A non-exhaustive scope catalogue:

ScopePermits
governance.controls:readList and get controls.
governance.risks:readList and get risks.
governance.evidence:readList and get evidence requirements and claims.
governance.evidence:writeCreate evidence claims (with attachments).
governance.assessments:readList and get assessments.
governance.findings:readList and get findings.
governance.findings:writeCreate and update findings.
governance.exceptions:readList and get exceptions.
governance.monitoring:readList monitor definitions and runs.
governance.indicators:readList and get indicators and measurements.
governance.submissions:readList submission requirements and packages.
governance.submissions:writeRecord submission package events.
governance.frameworks:readList frameworks and versions.
assets:readList and get assets.
party-engagements:readList and get party engagements.
change-management:readList and get change requests, baselines, releases.
vulnerability-management:readList and get vulnerabilities and assessments.
webhooks:manageCreate, update, and delete webhook subscriptions for this service account.

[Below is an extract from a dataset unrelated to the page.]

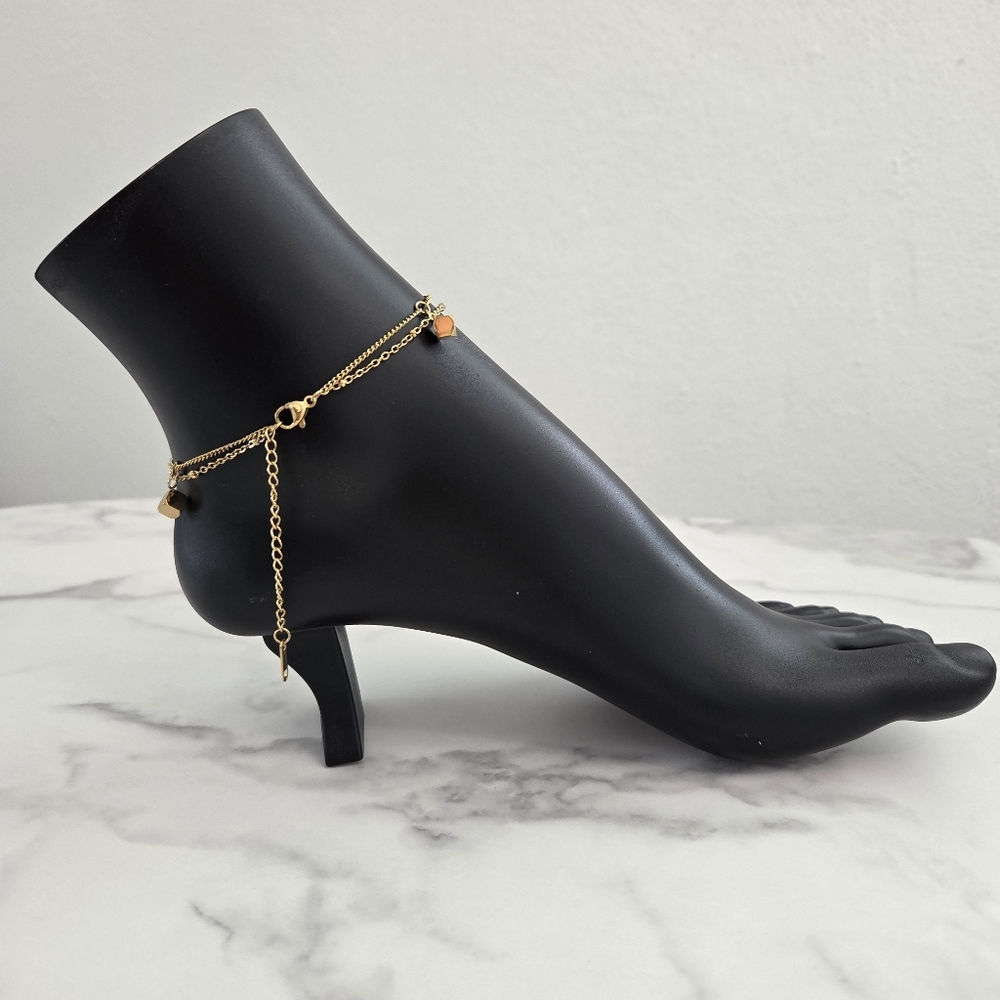 Dainty Gold Cube Charm Anklet Layered Double Strand Foot Bracelet Boho Beach - Picture 7 of 11
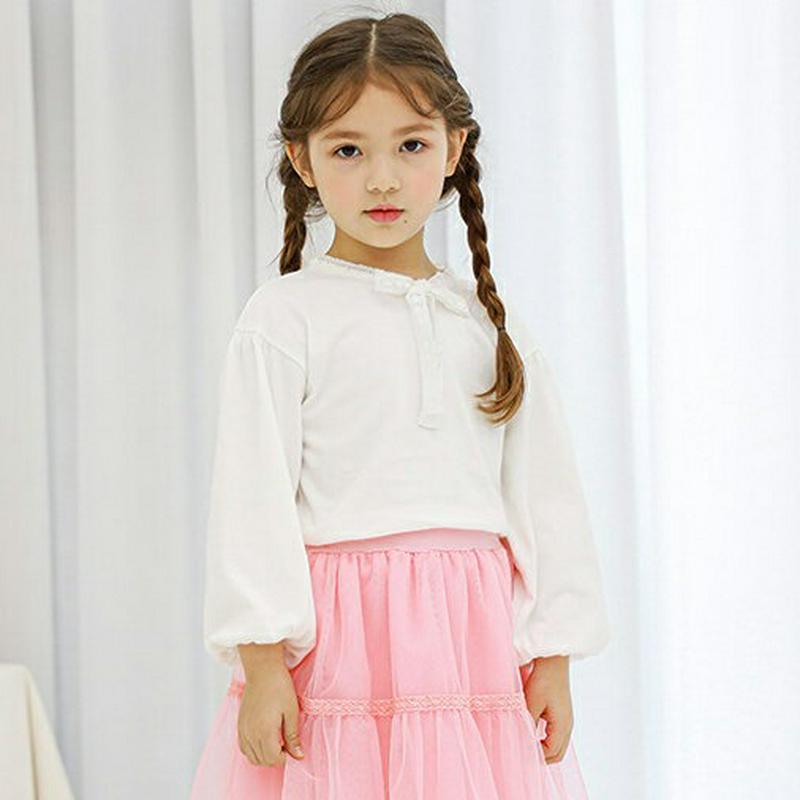 レースリボンTシャツ・p000597 キッズ【3~8才】【tops】【トップス 長袖 Tシャツ レース リボン　りぼん 可愛い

Scopes follow the least privilege principle. A service account that only ingests findings from a scanner needs governance.findings:write and nothing else. Do not request broader scopes than your integration uses.

Rotation

Rotate the client secret periodically (your security policy decides how often; quarterly is a reasonable baseline). Rotation:

  1. From the service account page, click Rotate secret.
  2. A new secret is generated; the old secret stops working after a configurable grace window (default: 60 seconds).
  3. Update your secrets store with the new value.

Rotating does not invalidate active access tokens that were already issued against the old secret. Those expire on their normal expires_in and are renewed against the new secret.

Revocation

If a credential is compromised:

  • Rotate the secret immediately to invalidate it.
  • Disable the service account to invalidate all active tokens regardless of which secret issued them.

A disabled service account refuses to issue new tokens and any in-flight tokens fail with 401 on the next call.

Unsupported authentication patterns

  • Long-lived static API keys (non-OAuth). OAuth client credentials are the v1 auth model.
  • SAML/OIDC SSO integration for service-account provisioning. Service accounts are created in-product.
  • Per-call user impersonation (X-On-Behalf-Of). Service accounts act as themselves; there is no impersonation path.
  • Token introspection endpoint. The token’s scope and expiry are returned at issuance; there is no separate introspection call.